WHAT THE TASK REQUIRES:
Only an exact repetition of the lines from the one that holds "Vegetable Quiche with Spinach" to the end of the records is wanted.
Segment Open
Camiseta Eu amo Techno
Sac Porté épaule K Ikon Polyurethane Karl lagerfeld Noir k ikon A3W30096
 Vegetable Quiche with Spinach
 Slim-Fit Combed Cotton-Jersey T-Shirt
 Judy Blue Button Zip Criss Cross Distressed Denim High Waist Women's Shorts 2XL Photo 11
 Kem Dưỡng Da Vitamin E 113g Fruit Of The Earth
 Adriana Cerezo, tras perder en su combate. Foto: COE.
Segment Closed
YOUR SOLUTION:
 Vegetable Quiche with Spinach
 Slim-Fit Combed Cotton-Jersey T-Shirt
 Judy Blue Button Zip Criss Cross Distressed Denim High Waist Women's Shorts 2XL Photo 11
 Kem Dưỡng Da Vitamin E 113g Fruit Of The Earth
 Adriana Cerezo, tras perder en su combate. Foto: COE.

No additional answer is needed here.